You get the dark picture. Suffice it to say that frequently, black bottom pools become black holes of frustration.
Safety is critical for any backyard swimming pool. Some experts raise concerns over the risks that come with a black-bottom pool. Can the deep color actually contribute to injuries?
The argument goes that the dark interior messes with a swimmer’s depth perception. Underwater, the walls and bottom of the pool may be closer than they appear.
As a result, in some cases, this phenomenon may make it easier to accidentally bang your hand, foot, or head against the pool shell.
The visual distortion can be more serious to someone jumping into the pool from the pool deck. With the dark walls and bottom, it can be hard to judge how deep the water is in some areas of the pool.
Someone may believe the water is deeper than it is—and therefore safe to jump in. They don’t realize the water may be only a few feet deep, and they could end up hurt by hitting the shallow pool bottom.
Beyond the norm: the risk of rarity
Now, an entirely other reason to avoid a black-bottom pool comes down to selling your home. Yep, your black-bottom beauty being a “rare bird” can become a negative in marketing your property.
Infrequently used dark colors in a pool produce a dramatic, moody body of water. But will everyone looking to buy a home with a pool feel the same? Should you ever sell your home, that atypical appearance may produce hesitancy among prospective buyers.
Here’s why: Most people are accustomed to seeing blue water in a pool. By reflecting the sky, the water appears blue when the interior finish is white, tan, light grey, or light blue.
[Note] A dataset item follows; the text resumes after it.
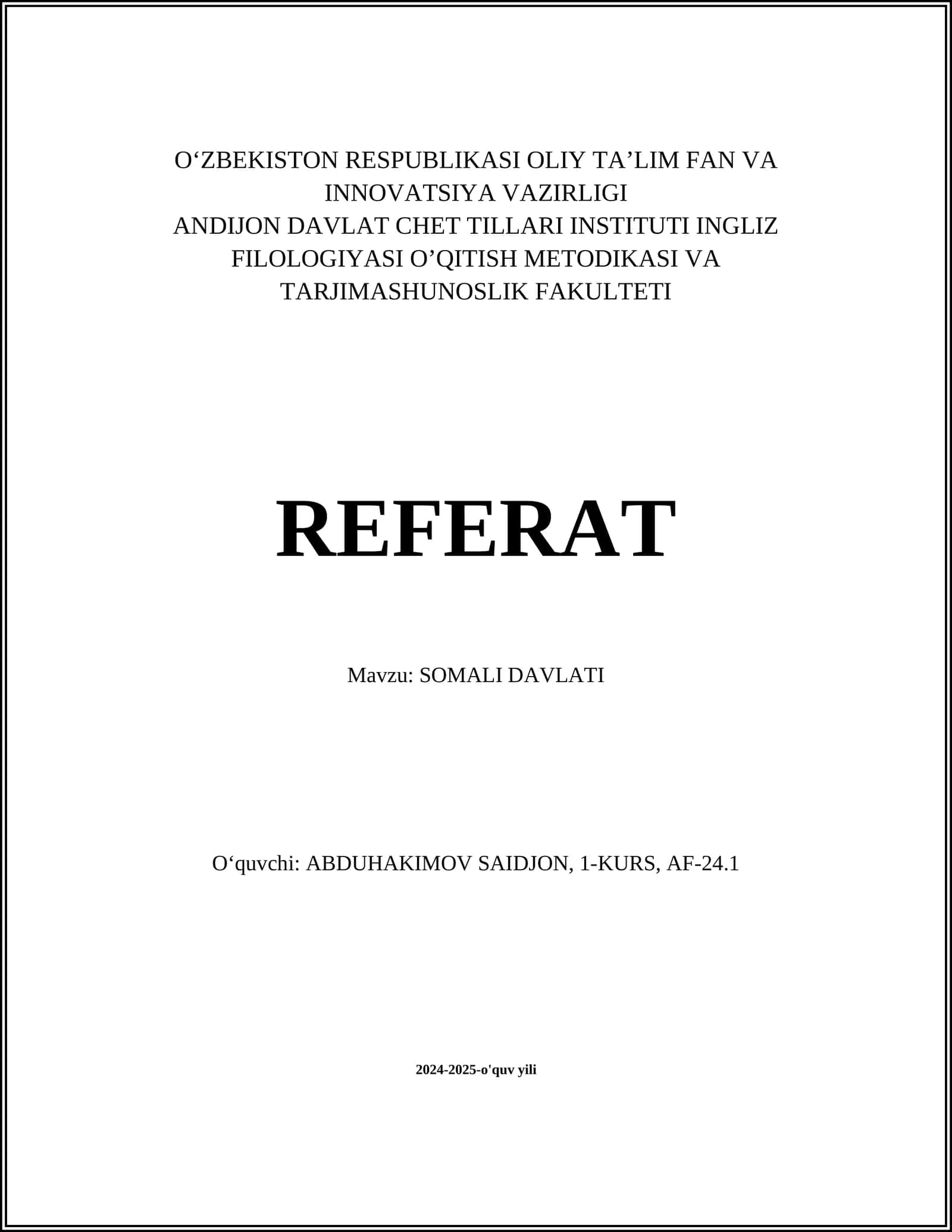 Somali Davlati 1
So when a homebuyer views a dozen homes with a sparking-bright blue pool—and then comes upon your black-plastered project, the unusual appearance can be a turn-off.
What to expect from your pool contractor
Are you still determined to go dark with your pool finish?
Whether you are building a new pool or remodeling an existing pool, if you opt for a dark grey or black plaster, be prepared.
First, you may receive some pushback. An experienced pool contractor might warn you about the frequent consequences of such a choice. You may hear them recite the litany of issues we have outlined above.
They might encourage you to reconsider. They may trot out plaster samples of other popular colors in whites, creams, tans, soft blues, greys, and greens.
If you still insist your willingness to roll the dice to go dark, don’t be surprised if they present you with a written waiver.
The dark-finish waiver will likely tick off a list of each and every potential peril, and it will require you to acknowledge in writing that you understand and accept each risk.
Your contractor will also advise that maintaining optimal chemical balance in your pool water—on a consistent basis—will be crucial for minimizing troublesome issues with your dark pool plaster.
The dark pebble option
Do you still really want a black-bottom pool?
The good news is there is an alternative solution. The answer is a pebble finish.
This kind of material features exposed aggregate of tiny natural pebbles. Pebble blends come in a variety of colors, including deep blue, dark grey, and black.
The final product is beautiful and most critically, far less susceptible to the registry of plaster woes outlined above. Pebble’s good look perform superbly, and in a properly maintained pool it will typically last 15 to 20 years.
A few downsides do come with pebble. In most markets, when comparing marcite plaster and quartz to pebble, the price for pebble runs significantly more.
Pebble surfaces also have a distinct bumpy texture. The feel may appeal to some homeowners, but others prefer the smooth touch of plaster or a color quartz finish. For a more even, somewhat smoother feel, some pebble blends use extremely small stones or ones that are more polished.
Be sure to discuss your preferences and the potential issues in depth with your pool builder. Do keep in mind that tens of thousands are pools are built with a typical white, cream, beige, or light blue finish—and the results are beautiful in any backyard.